The stage 34 is a stage on which the laminated semiconductor wafer 10, which is a heating target of the present exemplary embodiment, is placed. Molybdenum, carbon or the like may be used for the material of the stage 34. Note that plural laminated semiconductor wafers 10 can be placed on the stage 34 of the present exemplary embodiment.

The thermometer 36 is what measures the temperature of the inside of the chamber 31. The thermometer 36 of the present exemplary embodiment is a temperature sensor using a thermocouple. The temperature measured by the thermometer 36 is sent to the controller 50. The controller 50 adjusts the amount of electric power supplied to the above-mentioned heater 33 on the basis of the temperature obtained by the thermometer 36 and a preset temperature, thereby to control the heating temperature of the heater 33. Note that it is preferable to provide the heating apparatus 3 with a temperature sensing device such as a radiation thermometer, and to detect the temperature of the laminated semiconductor wafer 10 directly, thereby to control the temperature.

The manometer 37 is what measures the pressure of the inside of the chamber 31. The pressure in the chamber 31 measured by the manometer 37 is sent to the controller 50. The controller 50 adjusts the exhaust flow of the pump 41 in the exhaust device 40 to be described later on the basis of the pressure obtained by the manometer 37 and a preset pressure, thereby to control the pressure in the chamber 31.
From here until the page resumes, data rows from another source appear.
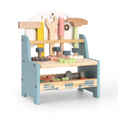 Load image into Gallery viewer, Mini Wooden Play Tool Workbench Set for Kids Toddlers
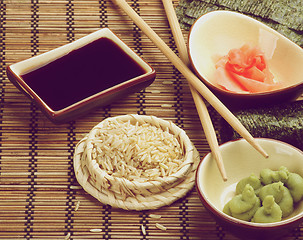 Image showing Ingredients to Preparing Sushi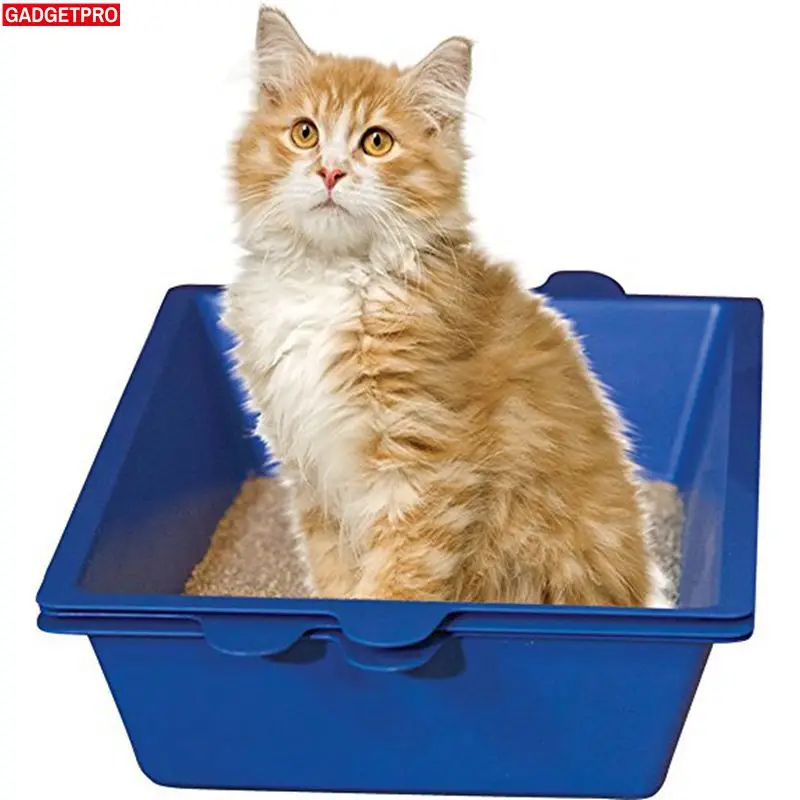 Gadgetpro Cat Bedpans Semi Closed Antisplash Cat Toilet Pet Cat Litter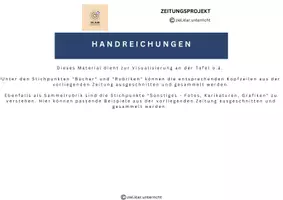 Vorschau - Arbeitsblätter - Materialpaket Zeitung - Aufbau, Tafelmaterial, Freiarbeit - Seite 3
(Configuration of Exhaust Device 40)

The exhaust device 40 includes the pump 41 and a reclaiming portion 42. The pump 41 exhausts the atmospheric gas in the chamber 31. The pump 41 exhausts the atmospheric gas in the chamber 31 through the reclaiming portion 42 and the duct 35, as shown in FIG. 3. Note that various types of pumps, such as a wet pump and a dry pump, may be used as the pump 41. In the present exemplary embodiment, a turbo molecular pump, which exhausts gases by rotating turbine blades, is used as the pump 41.

The reclaiming portion 42 reclaims a particular substance from the atmospheric gas exhausted by the pump 41. The reclaiming portion 42 is arranged between the pump 41 and the chamber 31, as shown in FIG. 3. In the present exemplary embodiment, the group III nitride compound semiconductor to be eliminated is mainly composed of GaN. The reclaiming portion 42 reclaims Ga among Ga and N that are eliminated from the laminated semiconductor wafer 10 in the chamber 31 and are decomposed. For example, a filter to adsorb Ga may be used as the reclaiming portion 42.
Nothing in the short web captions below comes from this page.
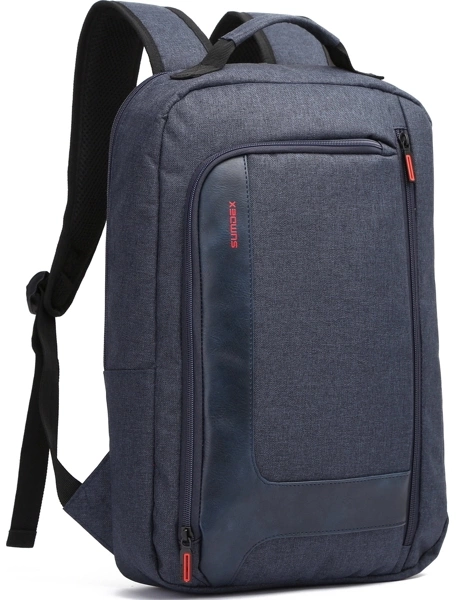 Рюкзак Sumdex PON-262NV 28x43x7.5см 9.03л. 0.6кг. полиэстер синий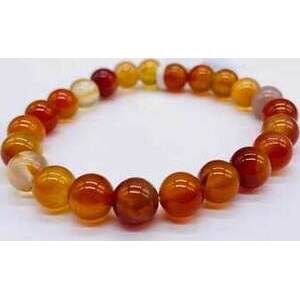 8mm Agate, Red bracelet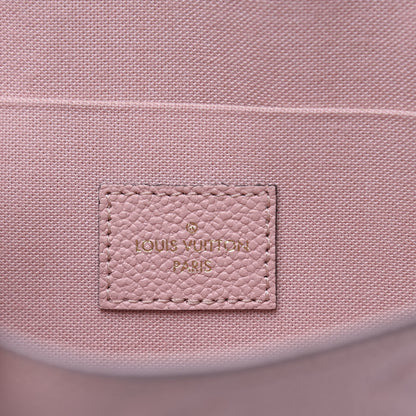 Louis Vuitton Empreinte Pochette Felicie Chain Wallet Rose Poudre 4 of 12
The controller 50 receives a setting of the heating temperature for the laminated semiconductor wafer 10 in the eliminating step, a setting of the pressure in the chamber 31, and the like, through an operation panel (not shown). The controller 50 is connected to the thermometer 36 and the manometer 37. The controller 50 controls the heater 33 on the basis of the received setting value of the heating temperature and the temperature in the chamber 31 obtained from the thermometer 36 so that the temperature of the atmosphere in the chamber 31 is equal to the received setting value of the heating temperature. Additionally, the controller 50 controls the pump 41 on the basis of the received setting value of the pressure and the pressure in the chamber 31 obtained from the manometer 37 so that the pressure in the chamber 31 is equal to the received setting value of the pressure.
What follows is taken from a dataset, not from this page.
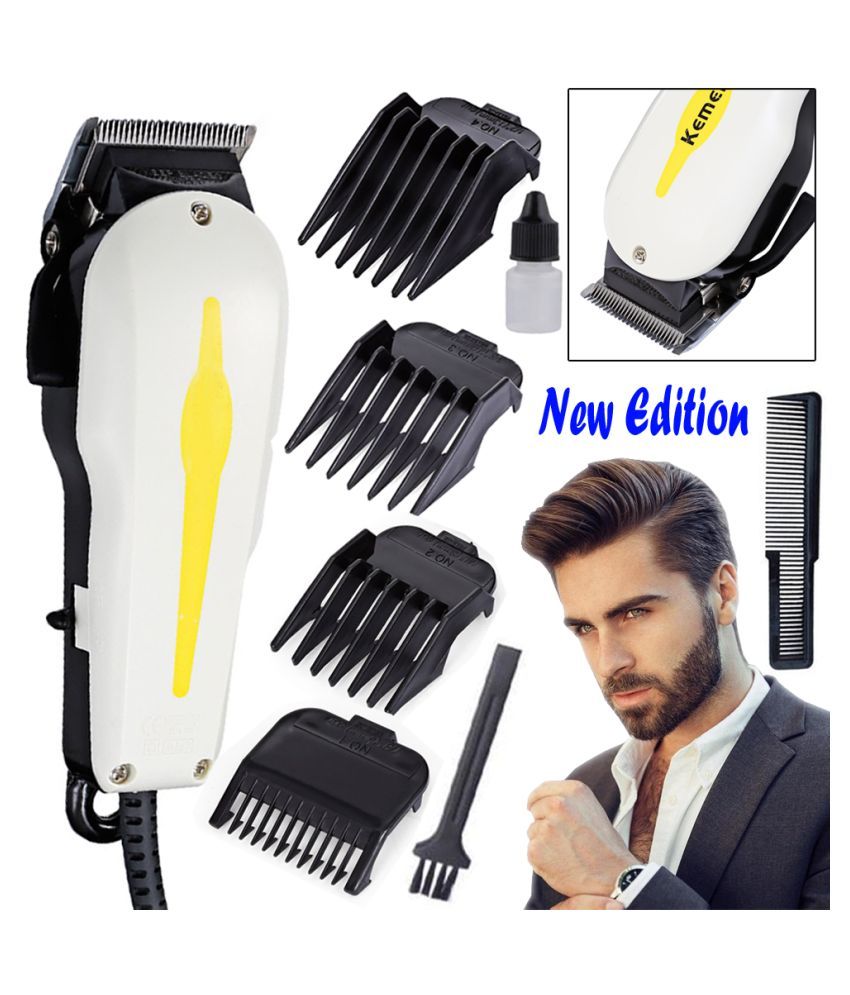 Professional Men Electric 12W Corded Trimmer Waterproof Beard Mustache Clipper Casual Gift Set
<Procedure for Producing Recycled Substrate>

Subsequently, a detailed description is given of a procedure (the eliminating step and the cleaning step) for producing a recycled substrate according to the present exemplary embodiment.

“Eliminating Step”

FIG. 4 is an exemplary diagram for illustrating the eliminating step. The eliminating step of the present exemplary embodiment aims to separate and eliminate the laminated semiconductor layer 100 from the substrate 110 by heating the laminated semiconductor wafer 10 to cause the laminated semiconductor layer 100 in the laminated semiconductor wafer 10 to sublime.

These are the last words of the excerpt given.